### EXERCISE
Give again, word for word, each line below starting at the one that contains "#17 10 Blackburn" and ending at the one that contains "Building Photo - Harbor Pointe".

### SOURCE INFORMATION

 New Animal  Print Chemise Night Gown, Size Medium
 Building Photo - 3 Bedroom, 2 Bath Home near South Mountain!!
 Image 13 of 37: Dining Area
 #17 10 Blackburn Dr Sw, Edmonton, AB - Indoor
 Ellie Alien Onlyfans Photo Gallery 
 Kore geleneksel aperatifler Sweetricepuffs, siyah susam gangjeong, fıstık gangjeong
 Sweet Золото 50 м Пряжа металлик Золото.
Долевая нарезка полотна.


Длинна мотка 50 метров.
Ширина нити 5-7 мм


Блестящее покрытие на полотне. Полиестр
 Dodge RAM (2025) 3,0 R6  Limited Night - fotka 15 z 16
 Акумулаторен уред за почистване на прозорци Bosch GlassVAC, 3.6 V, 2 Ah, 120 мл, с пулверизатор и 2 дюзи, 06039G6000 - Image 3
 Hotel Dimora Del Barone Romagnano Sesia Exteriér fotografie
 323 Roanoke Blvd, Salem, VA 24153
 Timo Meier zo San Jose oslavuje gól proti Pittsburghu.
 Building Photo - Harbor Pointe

...

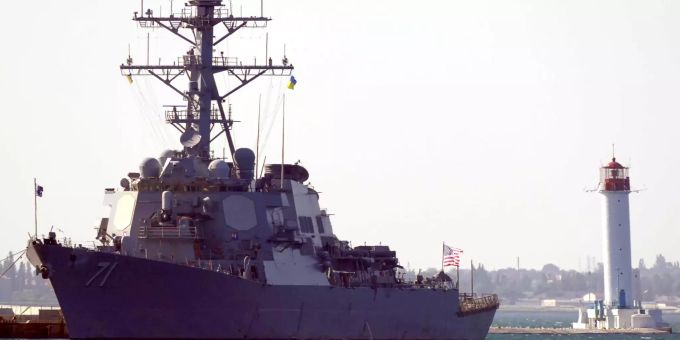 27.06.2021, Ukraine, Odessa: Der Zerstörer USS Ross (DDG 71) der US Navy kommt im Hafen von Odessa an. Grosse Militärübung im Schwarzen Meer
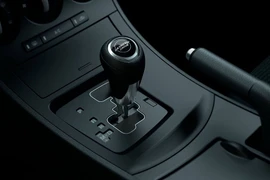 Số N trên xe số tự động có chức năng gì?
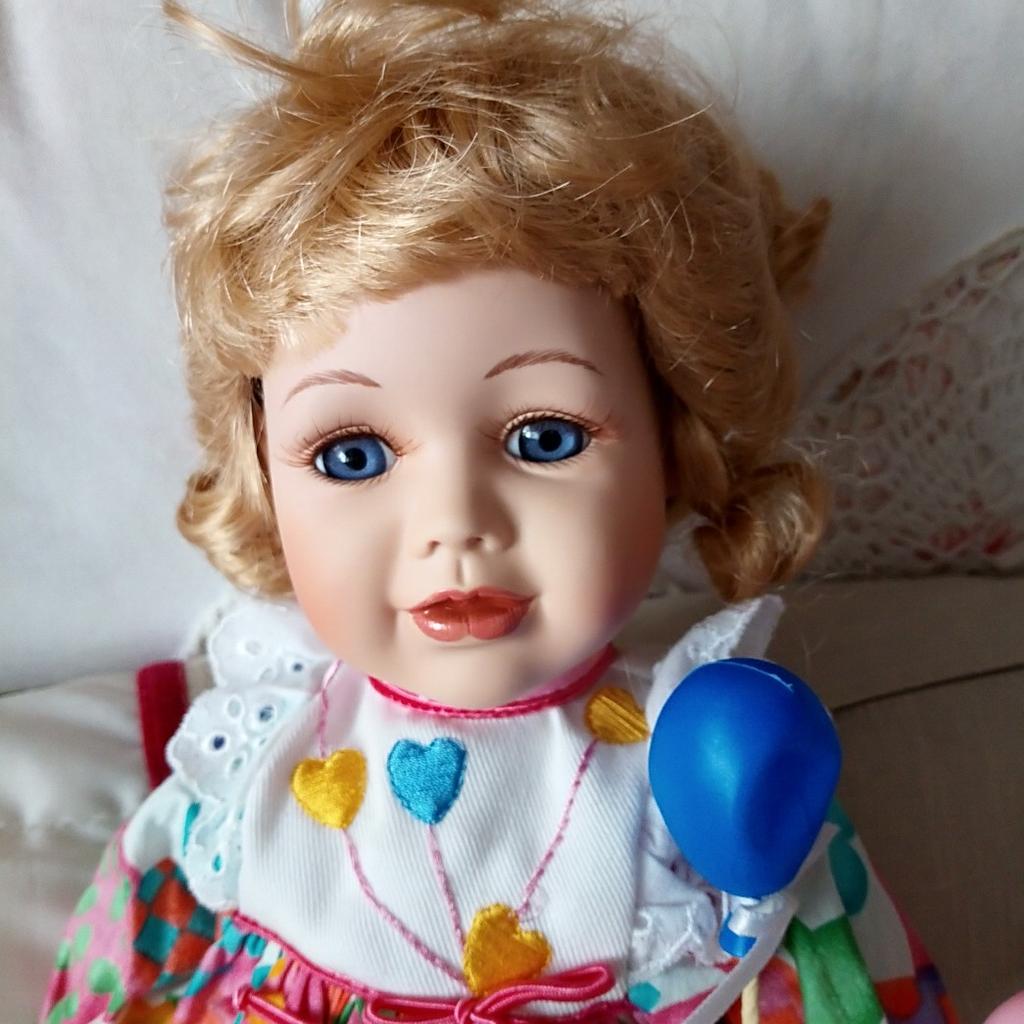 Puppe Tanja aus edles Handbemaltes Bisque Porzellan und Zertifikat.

...

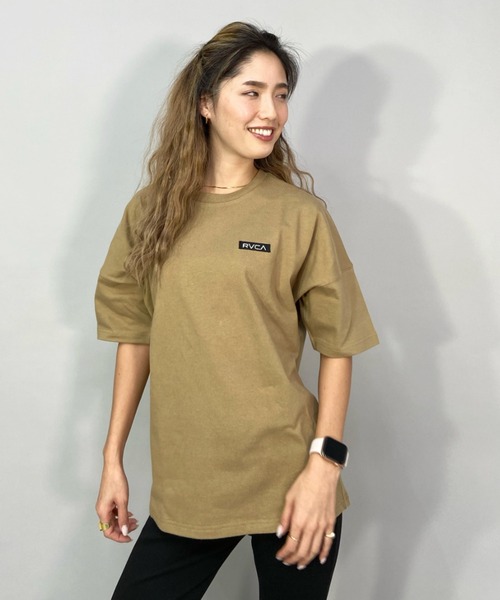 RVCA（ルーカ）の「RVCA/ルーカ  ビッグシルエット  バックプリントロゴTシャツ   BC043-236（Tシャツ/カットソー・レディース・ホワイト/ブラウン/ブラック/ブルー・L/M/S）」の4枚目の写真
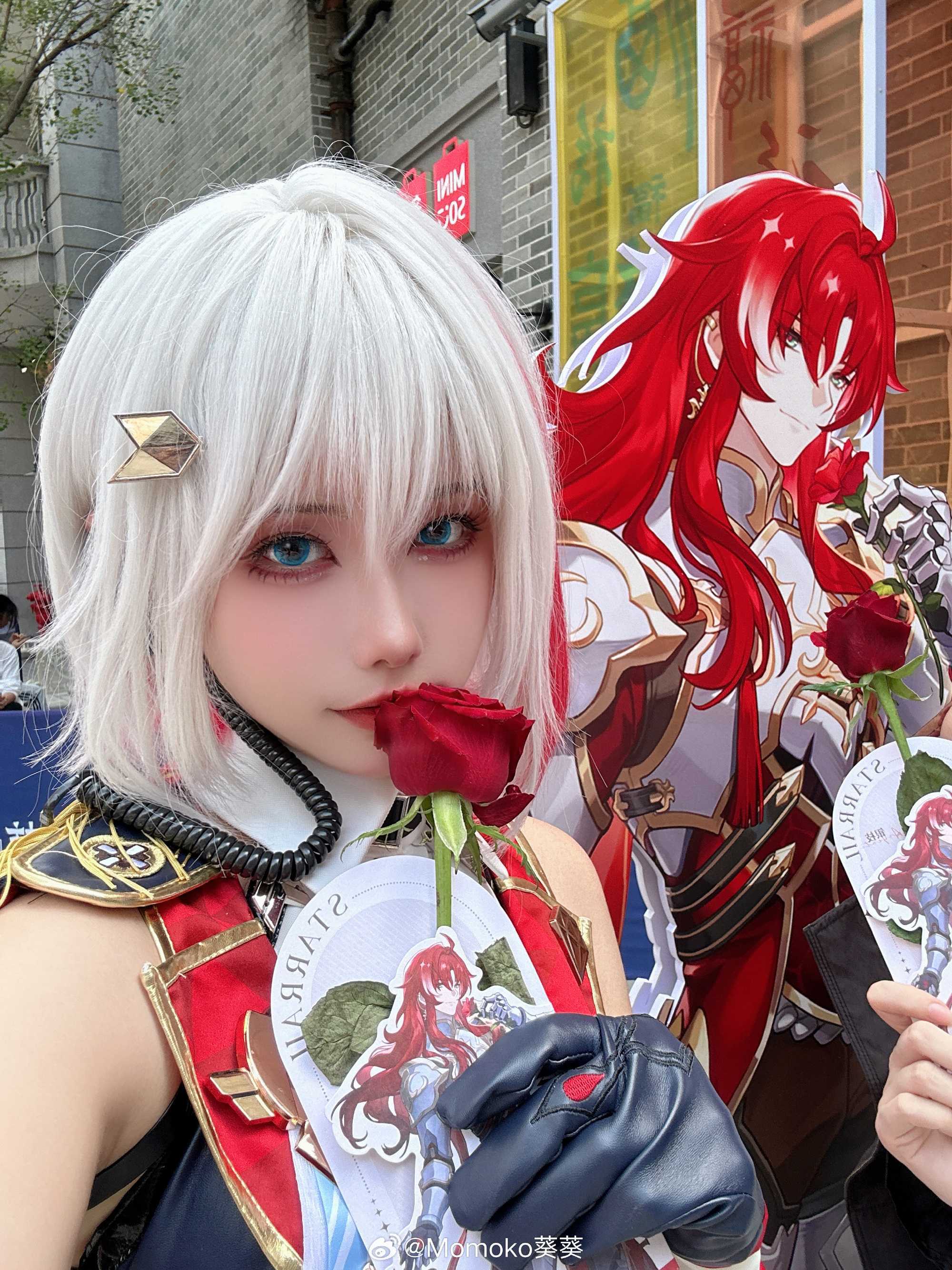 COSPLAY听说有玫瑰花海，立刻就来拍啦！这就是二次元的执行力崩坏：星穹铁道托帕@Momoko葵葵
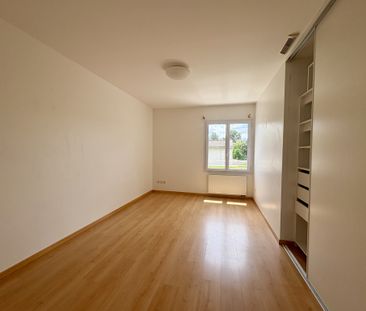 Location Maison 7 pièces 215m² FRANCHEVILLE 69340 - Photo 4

### REPLY
 #17 10 Blackburn Dr Sw, Edmonton, AB - Indoor
 Ellie Alien Onlyfans Photo Gallery 
 Kore geleneksel aperatifler Sweetricepuffs, siyah susam gangjeong, fıstık gangjeong
 Sweet Золото 50 м Пряжа металлик Золото.
Долевая нарезка полотна.


Длинна мотка 50 метров.
Ширина нити 5-7 мм


Блестящее покрытие на полотне. Полиестр
 Dodge RAM (2025) 3,0 R6  Limited Night - fotka 15 z 16
 Акумулаторен уред за почистване на прозорци Bosch GlassVAC, 3.6 V, 2 Ah, 120 мл, с пулверизатор и 2 дюзи, 06039G6000 - Image 3
 Hotel Dimora Del Barone Romagnano Sesia Exteriér fotografie
 323 Roanoke Blvd, Salem, VA 24153
 Timo Meier zo San Jose oslavuje gól proti Pittsburghu.
 Building Photo - Harbor Pointe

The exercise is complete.